O Dia em Que o Sol Se Apagou – Nuno Gomes Garcia

O Dia em Que o Sol se Apagou“O Dia em Que o Sol Se Apagou” recordou-me que os livros se devem apreciar devagar. Que a leitura lenta é um prazer. Que a releitura de algumas passagens é uma nova descoberta.

De tudo isto me tinha esquecido há anos, deixando-me pressionar pelo interesse nos livros por ler, deixando-me levar pelo desejo de saber o final, querendo simplesmente ler rápida e sofregamente, para ler sempre mais e mais livros. Possivelmente é chegada a hora de deixar de coleccionar leituras. É talvez a hora de aprender realmente a ler. Como quando se aprende a apreciar vinho, e se percebe, com o tempo, o que se ganha em esperar.

Como um bom vinho, este Sol que Se Apaga, tem o seu tempo de degustação. Degustei o primeiro capítulo várias vezes. E a habilidade da escrita permitiu-me lê-lo de várias formas diferentes, conforme avançava na leitura. Desde a primeira vez, achando que não fazia sentido, a segunda tendo claramente encontrado um erro cronológico grave, e tantas vezes lá voltei para confirmar, certificar, apurar, e concluir que tudo bate certo, não há erros, há sim um romance desafiador, construído de forma brilhante, e que, para minha sorte, tem algumas das coisas que eu mais gosto num livro: História, viagens, muito mistério e alguma fantasia. Esta última, na verdade, não sabia que gostava. Possivelmente, neste caso, gostei por ser dada em doses controladas e cuidadas, quase parecendo realidade. O poder de um livro pode medir-se pela forma como o impossível, ou pouco provável, é um dado adquirido de realidade para quem lê. Como um menino a quem roubaram os olhos existir, depois de ter cegado gente com o brilho do olhar.
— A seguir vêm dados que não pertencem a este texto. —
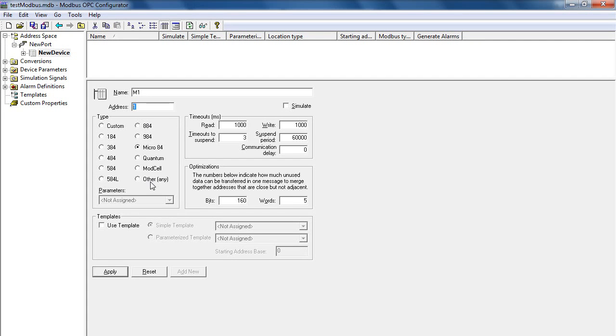For the general Modbus device, you can use the Type as Other and then click Apply.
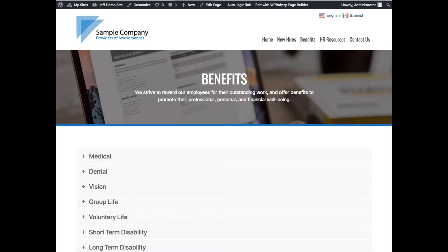Hey everybody, this is Jeff Hill at eTechnos. In this video we're going to talk about just the basics of editing a page in the Benefits Easy system. Most commonly after a site's been built, you're making simple edits throughout the year — changes in forms, plans, documents, rates, things like that. This is the intro to the editor and making edits to pages.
Este é um romance que se apoia em factos históricos de forma rigorosa, revelando um cuidado na linguagem, adequada à época. Viajei com Pêro da Covilhã e Afonso de Paiva descobrindo locais exóticos onde o prazer nunca é excessivo, mas ao mesmo tempo fiquei num Portugal tacanho e sombrio, país de alma doente e fechada. Uma narrativa que, ao mesmo tempo que segue a linha esperada, se desvia do que é espectável, em saltos de espaço e tempo, obrigando a uma atenção, a uma participação activa para seguir os acontecimentos. Parece algo complexo e difícil. Mas não. É fácil. Torna-se um projecto, uma vontade, um tem de ser porque se lê com tanto gosto. Um prazer desafiante, muito mais profundo do que parece à partida, e com uma actualidade surpreendente.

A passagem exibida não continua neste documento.